Shirley's 35-year career as an aerospace engineer reached a jubilant
pinnacle in July 1997 when Sojourner -- the solar-powered, self-guided,
microwave-oven-sized rover -- was seen exploring the Martian landscape
in Pathfinder's spectacular images from the surface of the red planet.
The event marked a milestone in space exploration -- no
vehicle had ever before roamed the surface of another planet. But for
Donna Shirley, the manager of the Jet Propulsion Laboratory's Mars
Exploration Program who headed the mostly male team that designed and
built Sojourner, it marked a triumph of another kind. Since her
childhood in Oklahoma, Shirley had dreamed of traveling to Mars, and,
through Pathfinder, she did just that.
Prologue: Six Wheels on Soil
Before dawn on July 4, 1997, I woke with my mind over a hundred million
miles away. My waking thoughts were all of Pathfinder, the United States' first attempt to
land on Mars in twenty years, as it hurtled through the silence of space just hours away
from its encounter with the red planet. The 100-foot-high Delta 2 rocket that had boosted
the spacecraft from Cape Canaveral, Florida, seven months earlier was finally about to
deliver something very precious to me, and I can't say I wasn't anxious.
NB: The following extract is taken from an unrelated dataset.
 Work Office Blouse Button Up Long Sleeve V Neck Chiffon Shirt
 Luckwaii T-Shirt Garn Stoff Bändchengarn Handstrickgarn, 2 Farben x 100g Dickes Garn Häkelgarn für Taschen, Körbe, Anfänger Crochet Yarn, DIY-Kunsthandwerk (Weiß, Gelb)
Cabled down firmly inside this streaking bullet was Sojourner Truth, the world's first
robotic planetary rover. I headed the team that had designed and built this revolutionary
six-wheeled scientific laboratory, a 25-pound robot about the size of a microwave oven
that could do what humans could only dream of: explore the surface of Mars. I'd spent
nearly ten years of my life preparing the two of us for this moment.
I could picture her cradled in the heart of the lander like the tiniest Russian nesting
doll. She crouched with her belly to the floor inside a lander that was packed in a
cushion of deflated airbags. Once off the lander, she would motor over the surface of Mars
taking pictures and poking at the rocks like a tourist. She was a sturdy little gal. We'd
whirled her in a centrifuge at a force 66 times that of gravity, twice as much pressure as
we expected her to endure in flight, and she'd come out perfectly. If Pathfinder landed
the way it was supposed to, I was sure she'd be fine.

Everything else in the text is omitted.